Stone tools unearthed in Saudi Arabia’s inhospitable Nefud Desert indicate that members of our genus Homo had ventured beyond the familiar borders of Africa and the Levant sometime between 300,000 and 500,000 years ago. And according to climate data captured in the bones of animals found at the site, the environment they moved into may not have been that different from the one they left behind in East Africa. That may help anthropologists better understand the role of environment—and the ability to adapt to challenging new landscapes—in shaping human evolution and global expansion.
The things they left behind
Archaeologist Patrick Roberts of the Max Planck Institute for the Science of Human History and his colleagues recently discovered a handful of stone tools in a sandy layer of soil beneath the dry traces of a shallow Pleistocene lake at Ti’s al Ghadah, in the Nefud Desert of northern Saudi Arabia.
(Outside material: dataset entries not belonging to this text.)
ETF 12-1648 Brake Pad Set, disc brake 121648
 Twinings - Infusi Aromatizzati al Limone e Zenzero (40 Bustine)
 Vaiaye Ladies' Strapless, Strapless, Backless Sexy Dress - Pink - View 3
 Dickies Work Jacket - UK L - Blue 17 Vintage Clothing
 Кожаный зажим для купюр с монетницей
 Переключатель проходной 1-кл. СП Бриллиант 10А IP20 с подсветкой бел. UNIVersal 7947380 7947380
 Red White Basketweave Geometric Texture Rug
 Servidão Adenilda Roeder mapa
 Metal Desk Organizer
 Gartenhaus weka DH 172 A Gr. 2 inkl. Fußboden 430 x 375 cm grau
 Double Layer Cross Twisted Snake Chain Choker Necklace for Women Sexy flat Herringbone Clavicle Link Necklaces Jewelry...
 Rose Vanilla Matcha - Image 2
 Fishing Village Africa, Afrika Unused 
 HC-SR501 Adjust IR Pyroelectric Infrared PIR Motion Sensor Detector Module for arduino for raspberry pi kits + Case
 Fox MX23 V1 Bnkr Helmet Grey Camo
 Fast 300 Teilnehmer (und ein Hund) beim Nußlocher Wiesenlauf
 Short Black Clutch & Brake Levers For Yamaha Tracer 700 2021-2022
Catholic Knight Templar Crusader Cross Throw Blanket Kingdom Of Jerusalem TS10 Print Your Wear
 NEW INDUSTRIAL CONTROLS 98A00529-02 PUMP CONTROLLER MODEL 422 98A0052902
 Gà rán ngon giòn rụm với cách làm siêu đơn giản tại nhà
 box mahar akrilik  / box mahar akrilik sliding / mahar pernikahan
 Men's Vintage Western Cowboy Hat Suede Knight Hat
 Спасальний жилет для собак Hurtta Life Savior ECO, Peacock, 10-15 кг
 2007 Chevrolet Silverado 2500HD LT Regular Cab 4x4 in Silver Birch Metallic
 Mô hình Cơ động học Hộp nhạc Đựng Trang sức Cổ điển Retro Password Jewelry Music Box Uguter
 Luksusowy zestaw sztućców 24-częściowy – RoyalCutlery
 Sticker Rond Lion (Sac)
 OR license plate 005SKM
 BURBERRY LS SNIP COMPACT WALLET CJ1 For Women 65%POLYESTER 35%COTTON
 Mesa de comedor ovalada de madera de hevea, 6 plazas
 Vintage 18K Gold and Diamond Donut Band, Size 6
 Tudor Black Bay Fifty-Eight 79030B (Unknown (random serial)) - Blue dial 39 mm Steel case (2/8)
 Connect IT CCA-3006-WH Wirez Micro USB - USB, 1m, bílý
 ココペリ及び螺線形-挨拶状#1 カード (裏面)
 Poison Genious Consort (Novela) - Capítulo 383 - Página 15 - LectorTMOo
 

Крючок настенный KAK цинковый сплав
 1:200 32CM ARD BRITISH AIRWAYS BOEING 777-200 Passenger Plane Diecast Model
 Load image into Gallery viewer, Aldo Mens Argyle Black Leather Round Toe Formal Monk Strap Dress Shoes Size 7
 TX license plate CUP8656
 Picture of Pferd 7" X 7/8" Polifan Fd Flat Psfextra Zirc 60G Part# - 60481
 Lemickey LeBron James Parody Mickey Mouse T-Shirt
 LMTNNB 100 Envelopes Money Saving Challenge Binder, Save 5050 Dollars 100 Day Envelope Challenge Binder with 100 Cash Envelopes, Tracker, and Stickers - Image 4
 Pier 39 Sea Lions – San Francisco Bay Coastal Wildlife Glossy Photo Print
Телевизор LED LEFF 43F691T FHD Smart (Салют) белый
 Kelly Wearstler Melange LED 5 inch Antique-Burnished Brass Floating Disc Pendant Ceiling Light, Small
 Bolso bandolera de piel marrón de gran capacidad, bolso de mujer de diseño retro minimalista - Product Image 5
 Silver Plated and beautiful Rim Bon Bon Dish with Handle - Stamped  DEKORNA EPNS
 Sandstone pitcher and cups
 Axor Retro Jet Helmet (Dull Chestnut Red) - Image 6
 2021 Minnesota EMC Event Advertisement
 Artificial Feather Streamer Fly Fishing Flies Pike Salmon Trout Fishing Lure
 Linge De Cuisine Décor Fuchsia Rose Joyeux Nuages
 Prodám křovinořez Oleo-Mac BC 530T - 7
The soil layer dated to between 300,000 and 500,000 years ago, and it also contained fossilized remains of grazing animals, water birds, and predators like hyena and jaguar. Many of the bones seem to bear the marks of butchering by tool-wielding hominins.
Archaeologists had found other fossils at the site with possible cut marks, but, without stone tools, it’s difficult to determine if a notch in a fossil rib was put there by a human hand and not another predator or natural process. The tools—six sharp brown chert flakes and a scraper—make a much clearer case. Roberts and his colleagues say they’re the oldest radiometrically dated hominin artifacts in the Arabian Peninsula, edging out the previous contender by 100,000 years.